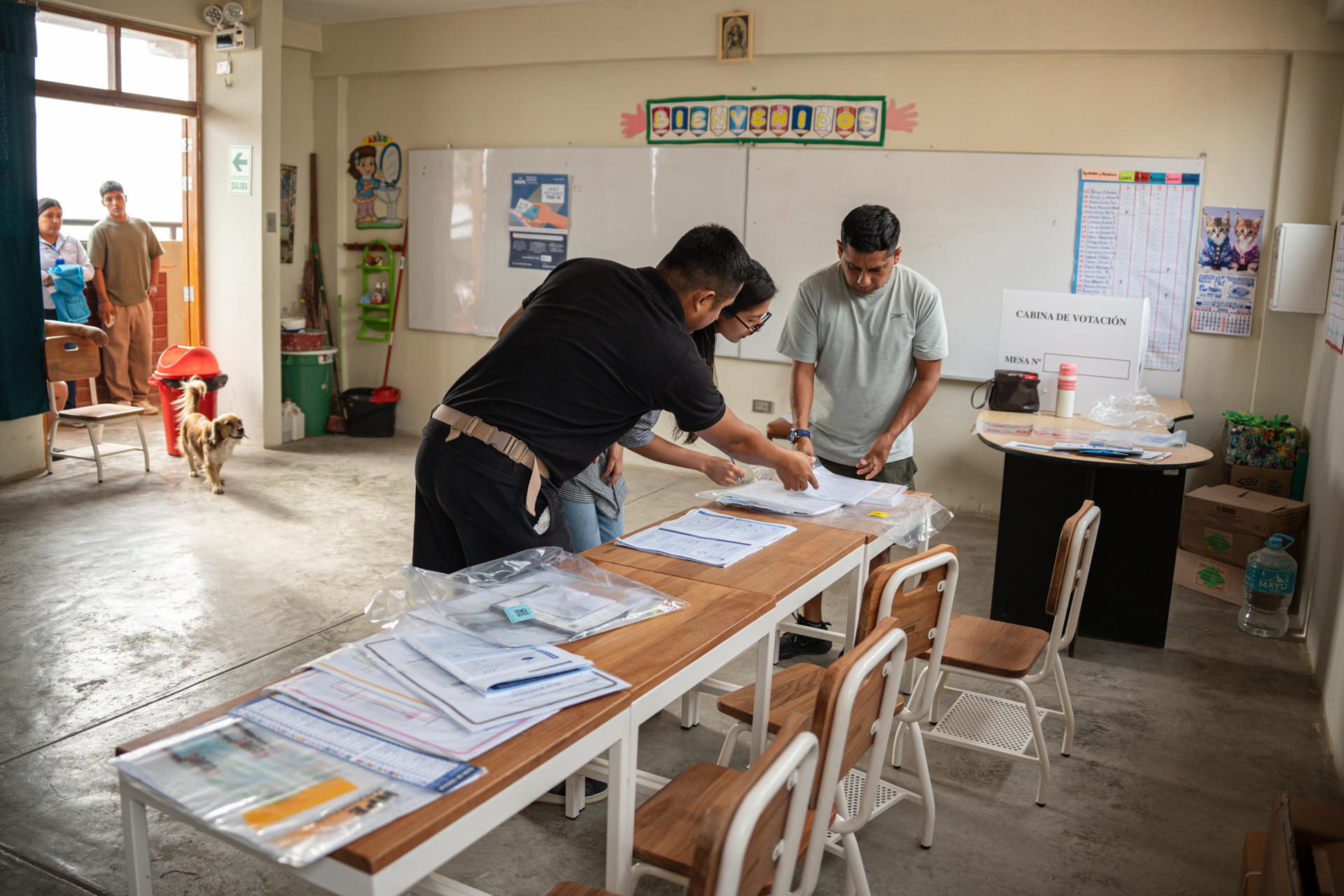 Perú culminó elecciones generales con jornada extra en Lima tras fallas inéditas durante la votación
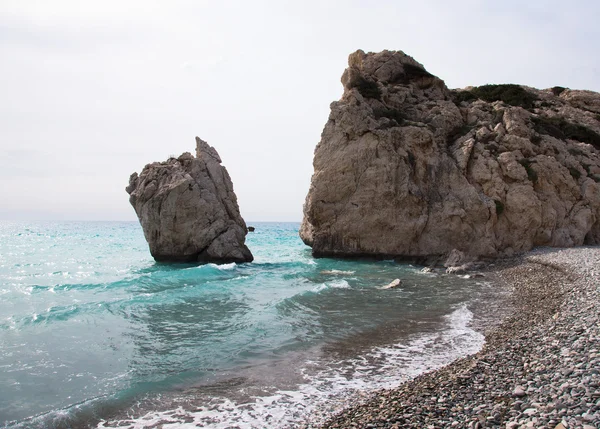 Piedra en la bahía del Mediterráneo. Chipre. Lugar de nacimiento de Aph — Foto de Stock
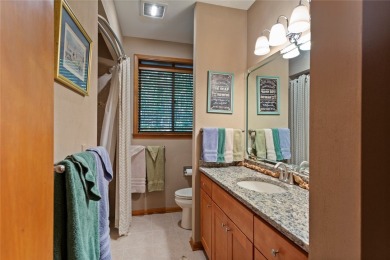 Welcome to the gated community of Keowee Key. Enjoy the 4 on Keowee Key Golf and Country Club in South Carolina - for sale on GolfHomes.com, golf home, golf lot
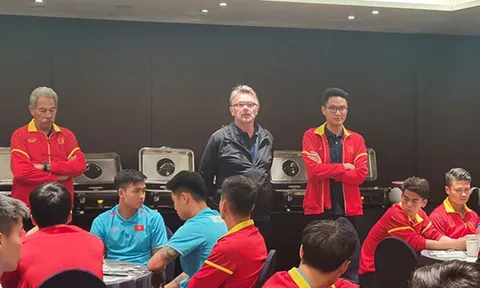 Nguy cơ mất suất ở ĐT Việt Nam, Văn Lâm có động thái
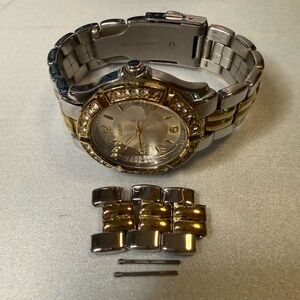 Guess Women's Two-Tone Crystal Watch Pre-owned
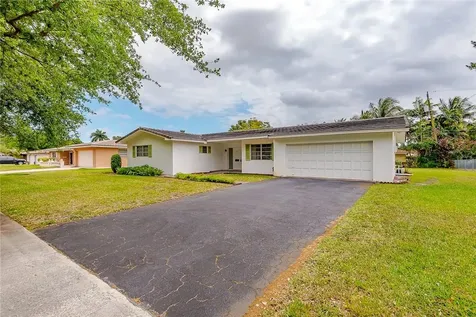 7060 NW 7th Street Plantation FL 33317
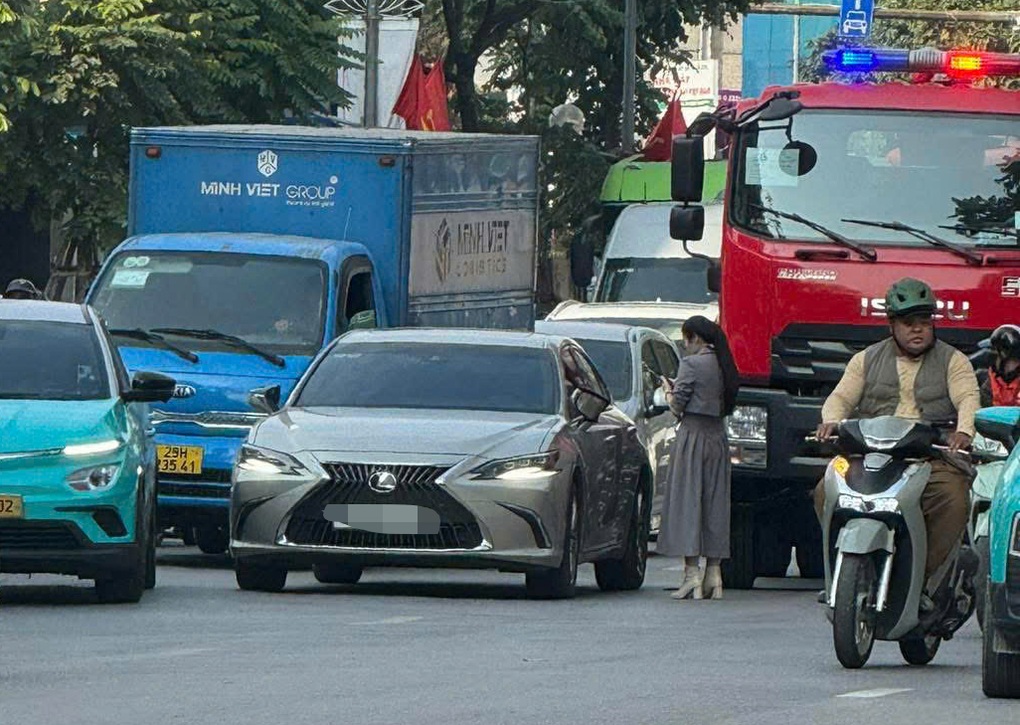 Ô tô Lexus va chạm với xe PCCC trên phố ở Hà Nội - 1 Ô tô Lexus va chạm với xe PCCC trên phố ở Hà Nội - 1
---
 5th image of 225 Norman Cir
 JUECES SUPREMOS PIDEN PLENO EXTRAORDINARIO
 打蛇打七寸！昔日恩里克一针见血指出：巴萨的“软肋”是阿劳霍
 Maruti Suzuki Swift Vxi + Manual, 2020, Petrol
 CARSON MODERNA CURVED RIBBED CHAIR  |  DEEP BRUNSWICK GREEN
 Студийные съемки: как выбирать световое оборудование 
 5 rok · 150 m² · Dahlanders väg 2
==
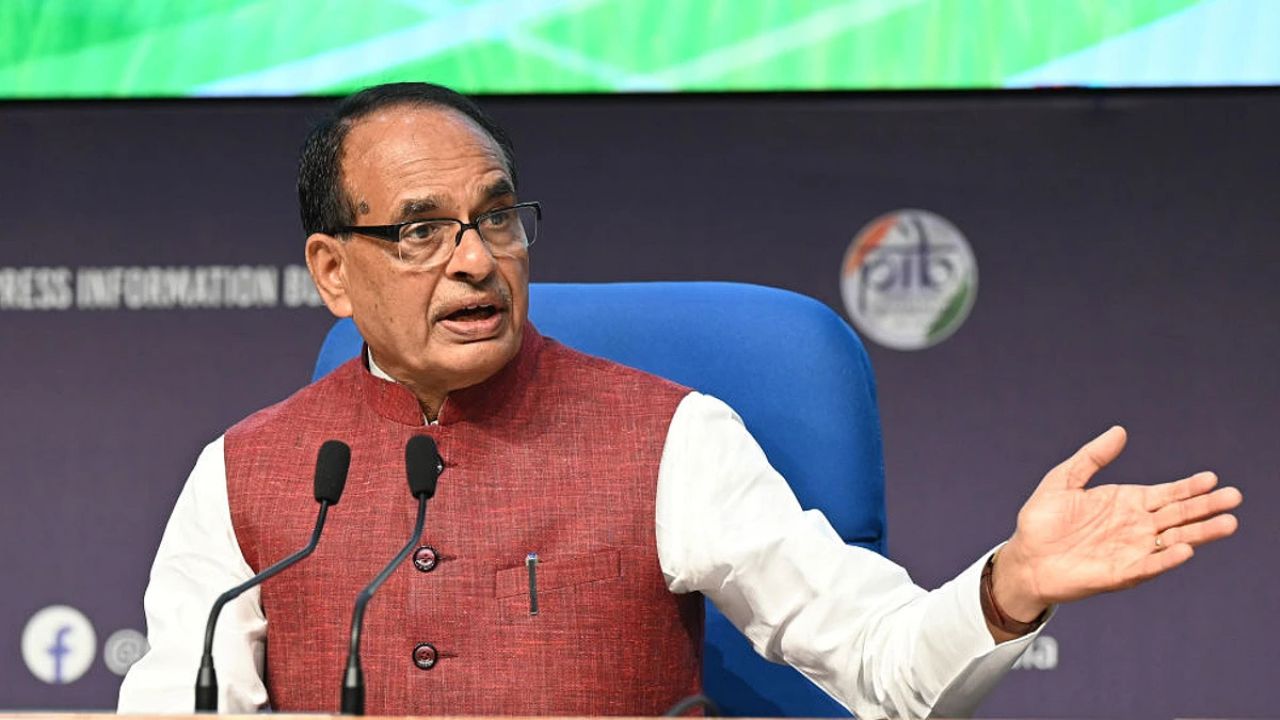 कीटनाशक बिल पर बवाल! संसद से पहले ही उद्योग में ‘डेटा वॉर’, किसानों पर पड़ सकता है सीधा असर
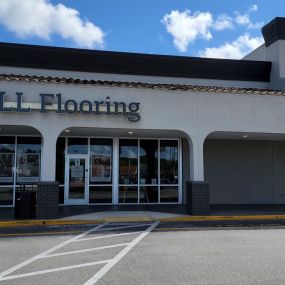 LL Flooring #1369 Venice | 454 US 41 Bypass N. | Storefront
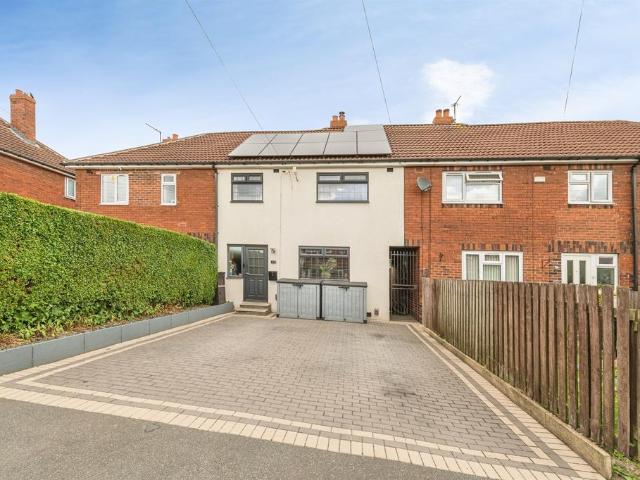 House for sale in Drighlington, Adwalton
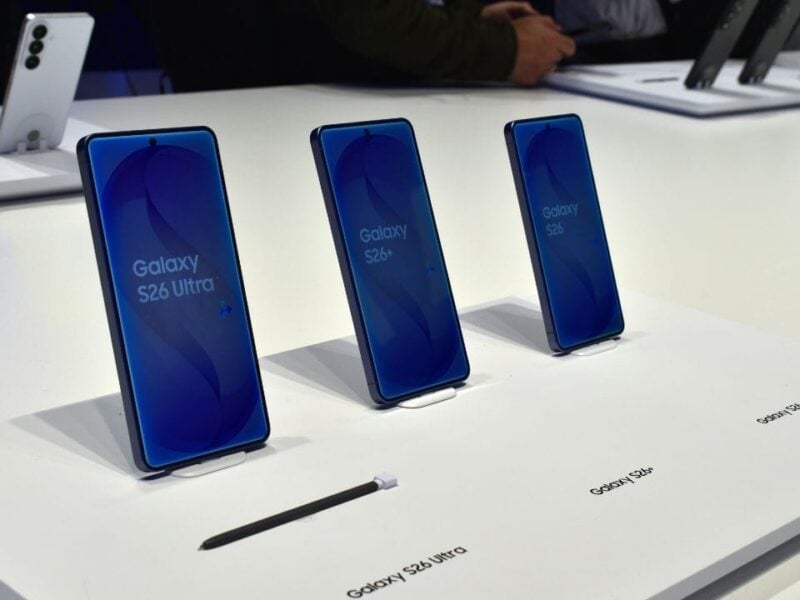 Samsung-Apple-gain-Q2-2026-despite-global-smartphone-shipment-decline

→ What the task asks:
Please write out, exactly as they appear above, only the lines in the stretch from the line with "JUECES SUPREMOS PIDEN PLENO EXTRAORDINARIO" through the line with "5 rok · 150 m² · Dahlanders väg 2".

→ Answer to the exercise:
 JUECES SUPREMOS PIDEN PLENO EXTRAORDINARIO
 打蛇打七寸！昔日恩里克一针见血指出：巴萨的“软肋”是阿劳霍
 Maruti Suzuki Swift Vxi + Manual, 2020, Petrol
 CARSON MODERNA CURVED RIBBED CHAIR  |  DEEP BRUNSWICK GREEN
 Студийные съемки: как выбирать световое оборудование 
 5 rok · 150 m² · Dahlanders väg 2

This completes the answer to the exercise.